Let’s sing a song of community

Published 6:26 pm Monday, April 10, 2023

Did you ever get a song stuck in your head and it seems to play constantly on repeat?   It so happened that a song from my long ago came to visit me and stayed for a couple of days.  I found myself singing “You sing a song and I’ll sing a song, and we’ll sing a song together.”  That’s a song I taught to preschoolers 30 years ago in a Philadelphia Friends (‘Quaker’) School.  Now I wouldn’t have minded if my favorite Dooby Brothers number one hit ‘What A Fool Believes,’ or the Isley Brothers “Who’s That Lady” got stuck in my head. But it was Ella Jenkins time honored, multi-generational best seller ‘You Sing A Song’ kept me company for a while.

Ella Jenkins (born 1924) has been called the ‘First Lady of Children’s Folk Songs. Her album of multicultural children’s songs are the most popular of the Smithsonian’s Folkways releases. Her music incorporated the respect for all children’s languages, cultures and nationalities.
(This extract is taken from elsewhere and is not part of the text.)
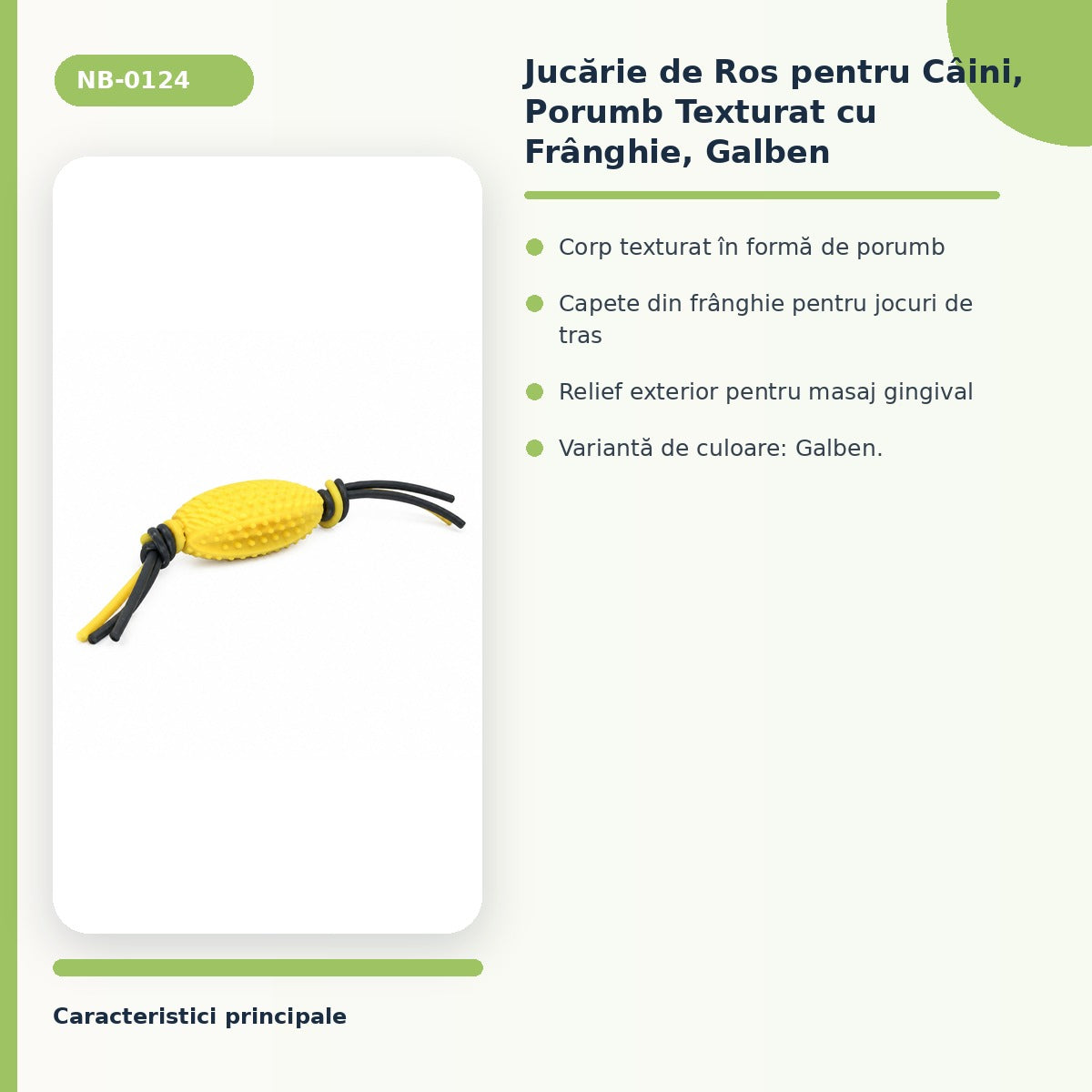 Jucărie de Ros pentru Câini, Porumb Texturat cu Frânghie, Galben – imagine 3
She said about her most well-known song, ‘You Sing A Song’ “that music at its essence was about human communication and relationships.” Thinking on those things, I feel the same way about history.  History offers us a chance to build positive human communication and relationships if we let it.

Maybe that’s why the memories of that song came back to me as I worked on a project for the Building Integrated Communities (BIC) Initiative.  The City of Washington, the Harbor District Market Alliance and the Washington Waterfront Underground Railroad Museum are collaborating it.  BIC is a community planning and leadership initiative that partners with North Carolina local government to create inclusive practices and policies for residents born in other countries. A part of the project will sponsor a series of community get togethers which will honor Latin/Hispanic/Mexican heritage and history in Washington this weekend.

My passion and love for history is birthed in the fact we are all should be good stewards of our nation’s history. From history we can learn to be better people and understand that our history is the story of people who all want the same things; freedom, a safe place to live and to raise our families. A place to educate our children, to enjoy a peaceful life, and to hopefully contribute to the country we are blessed to live in. No, we’re not a perfect country with a perfect history, but with all of our flaws I personally would choose no other place to live.

As I want to be a good steward of history, my desire is to see all of Washington/Beaufort County’s history be given a place at the table, not just certain parts of it.  I grew up during segregation and I know what history was left out of the books I read in school. So many ethnic groups have made valuable contributions to Washington/Beaufort County’s growth, economic prosperity, education, religion and cultural expansion.  The Latino/Hispanic/Mexican heritage is strong in our Beaufort County community.  The reason I was asked to be part of the BIC Initiative is because of the historical work I do and can document the history of many groups of people coming to Washington.

Please come and join us Saturday, April 16 from 2-5 p.m. at Mother of Mercy School Community Room for a community story time, games for adults and children and food. And let’s sing a song of unity together.

Leesa Jones is a Washington native and the co-founder and co-executive director of the Washington Waterfront Underground Railroad Museum.